◆ **Exercise details**: Select, from the data, each line where "problem" occurs.

◆ **Data supplied**:

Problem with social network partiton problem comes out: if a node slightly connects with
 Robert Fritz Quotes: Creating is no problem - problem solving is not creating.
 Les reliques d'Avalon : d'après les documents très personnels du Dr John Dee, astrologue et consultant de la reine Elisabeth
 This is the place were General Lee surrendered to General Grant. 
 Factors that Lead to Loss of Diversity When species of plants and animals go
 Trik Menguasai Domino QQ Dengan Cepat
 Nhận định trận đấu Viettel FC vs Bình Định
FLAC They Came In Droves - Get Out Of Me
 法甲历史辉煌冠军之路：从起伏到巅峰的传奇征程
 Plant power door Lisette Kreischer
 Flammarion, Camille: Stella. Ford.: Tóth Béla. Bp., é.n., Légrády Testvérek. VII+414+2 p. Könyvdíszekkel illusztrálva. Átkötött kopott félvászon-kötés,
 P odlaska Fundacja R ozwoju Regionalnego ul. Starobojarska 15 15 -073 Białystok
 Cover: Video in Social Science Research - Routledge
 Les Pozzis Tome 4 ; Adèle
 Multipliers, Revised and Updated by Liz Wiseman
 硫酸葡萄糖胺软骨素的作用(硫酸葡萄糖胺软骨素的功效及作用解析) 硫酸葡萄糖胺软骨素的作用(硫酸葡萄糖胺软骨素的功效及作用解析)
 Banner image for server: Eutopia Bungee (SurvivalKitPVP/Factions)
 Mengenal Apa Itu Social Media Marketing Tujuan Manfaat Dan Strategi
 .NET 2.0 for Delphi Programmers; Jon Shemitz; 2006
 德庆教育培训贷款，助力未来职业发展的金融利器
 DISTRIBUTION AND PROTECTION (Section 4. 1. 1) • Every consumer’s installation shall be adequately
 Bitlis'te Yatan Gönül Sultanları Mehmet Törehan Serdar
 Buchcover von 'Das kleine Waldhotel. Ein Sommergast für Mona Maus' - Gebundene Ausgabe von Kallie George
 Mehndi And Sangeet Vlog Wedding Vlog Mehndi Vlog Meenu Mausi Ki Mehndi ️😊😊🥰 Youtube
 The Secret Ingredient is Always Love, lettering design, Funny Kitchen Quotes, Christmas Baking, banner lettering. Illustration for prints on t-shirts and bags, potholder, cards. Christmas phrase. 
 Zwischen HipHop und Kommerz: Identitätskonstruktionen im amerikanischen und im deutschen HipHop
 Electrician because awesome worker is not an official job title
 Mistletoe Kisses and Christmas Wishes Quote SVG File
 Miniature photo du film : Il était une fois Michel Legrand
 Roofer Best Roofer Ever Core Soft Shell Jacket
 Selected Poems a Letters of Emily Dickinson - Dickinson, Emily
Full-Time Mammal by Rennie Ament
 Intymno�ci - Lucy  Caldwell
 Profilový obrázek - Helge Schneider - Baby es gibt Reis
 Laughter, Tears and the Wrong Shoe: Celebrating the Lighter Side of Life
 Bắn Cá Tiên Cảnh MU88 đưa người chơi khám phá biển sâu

◆ **Result below**:
Problem with social network partiton problem comes out: if a node slightly connects with
 Robert Fritz Quotes: Creating is no problem - problem solving is not creating.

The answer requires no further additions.